Mais jovem do que o chef Olivier, mas não menos determinada, Tatiana Levha desmistificou ainda a ideia de que, hoje, qualquer pessoa pode abrir um restaurante com toda a facilidade. Quatro meses após ter aberto o seu próprio espaço, o Le Servan, em Paris, e depois de ter trabalhado com nomes como os chefs Pascal Barbot e Alain Passard, Tatiana falou sobre o que apelida de “dor gratificante” que isso acarreta. A jovem chef falou sobre o “medo de receber uma enorme atenção dos media desde o início” — apesar de ser bom, tudo está a começar e os pratos estão a evoluir —, tocou também na mudança do staff e na necessidade de aprender a reagir a mudanças repentinas na ementa. Tatiana terminou a sua palestra com um “é assustador saber que vamos ficar com medo nos próximos dez anos”. Redzepi retorquiu: “Aprendemos a viver com isso.”
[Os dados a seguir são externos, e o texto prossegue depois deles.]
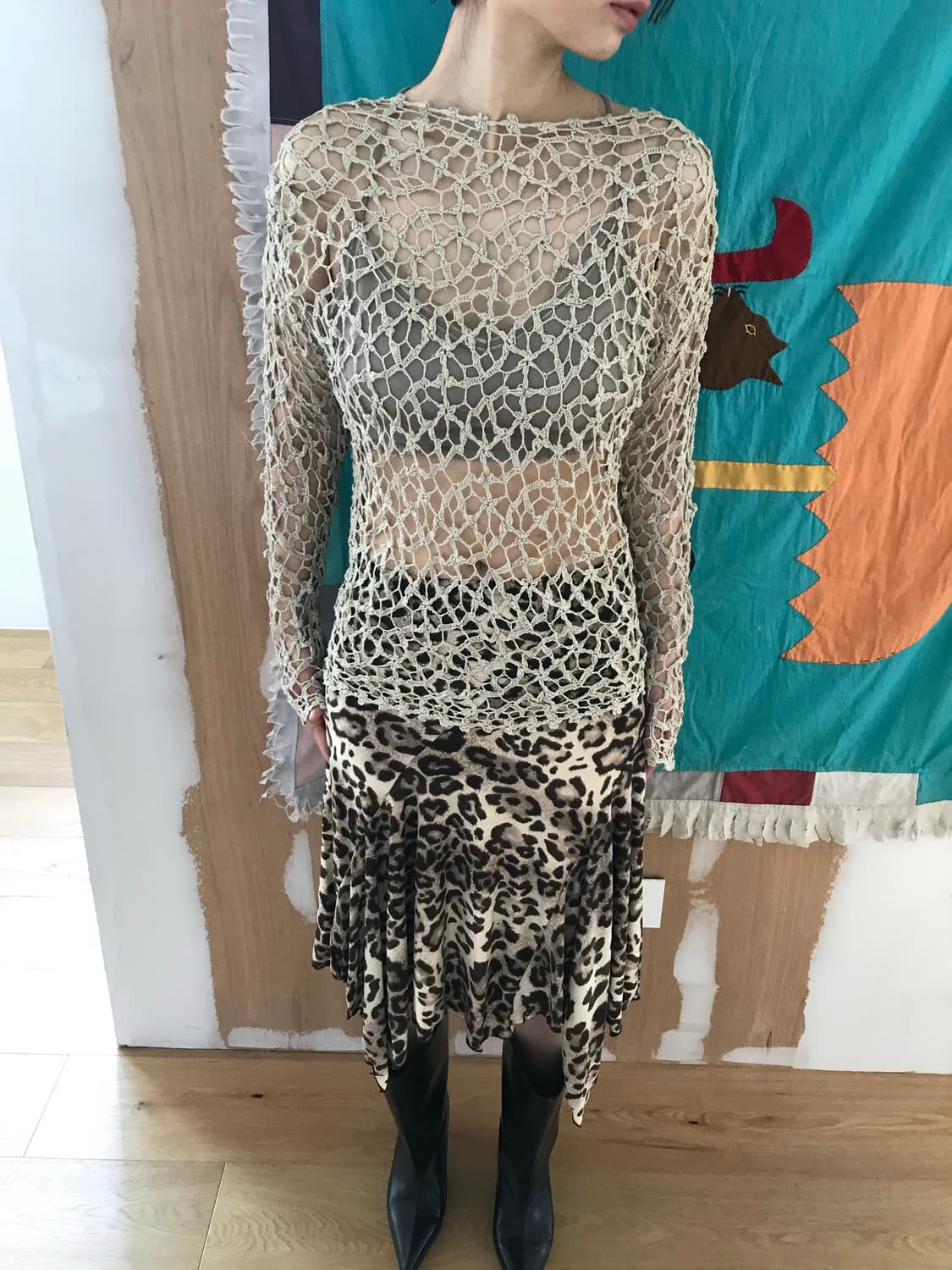 vintage leopard pattern skirt 상품이미지5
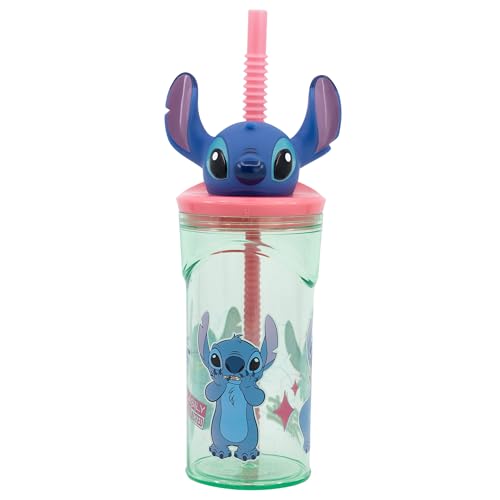 Stor Gobelet en plastique Disney Stitch 3D pour enfants, sans BPA, avec capuchon 3D et paille, lavable et réutilisable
Bem o pode dizer Albert Adrià. A apresentação do chef catalão foi inteiramente dedicada a demonstrar a importância do medo como engenho criativo. “Pretendo ensinar-vos a ter medo. Nunca somos velhos para o ter”, disse, explicando que quando, ultrapassamos os sustos, alcançamos os sonhos. Para ilustrar o seu ponto de vista, Albert percorreu a sua carreira pós elBulli, considerado pela revista inglesa Restaurant como o melhor restaurante do mundo em 2002 e de 2006 a 2009, e os medos que tem tido com cada novo projecto pessoal. Quando abriu o 41º, o primeiro de vários espaços em Barcelona, tinha receio de não se conseguir separar do nome do seu irmão, Ferran Adrià, e copiar o conceito do elBulli. Seguiram-se o Tickets (restaurante a que o chef José Avillez foi buscar inspiração para o seu Mini Bar, em Lisboa), o Pakta e o Bodega 1900, e aqui o problema era os clientes não perceberem o conceito.
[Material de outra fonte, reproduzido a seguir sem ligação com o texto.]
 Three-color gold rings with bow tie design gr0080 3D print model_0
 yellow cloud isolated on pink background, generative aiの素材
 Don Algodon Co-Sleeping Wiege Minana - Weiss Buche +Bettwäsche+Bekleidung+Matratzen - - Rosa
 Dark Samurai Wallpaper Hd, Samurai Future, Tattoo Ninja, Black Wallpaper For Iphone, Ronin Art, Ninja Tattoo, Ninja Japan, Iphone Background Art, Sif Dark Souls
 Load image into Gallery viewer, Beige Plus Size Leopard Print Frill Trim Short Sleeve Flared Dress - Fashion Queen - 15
Nos novos dois espaços, o Nino Viejo e o Hoja Santa, a abrir já em Setembro, a apreensão é que os mexicanos não gostem ou pensem que não é cozinha autêntica. Contudo, por agora, Albert aprendeu a lidar com os seus medos. “O receio, controlado positivamente, é o meu engenho criativo. Torna-me humilde, ponderado, respeitoso, honesto e ousado”, concluiu, sob um forte aplauso da plateia. Lições de chefs que são ensinamentos de vida.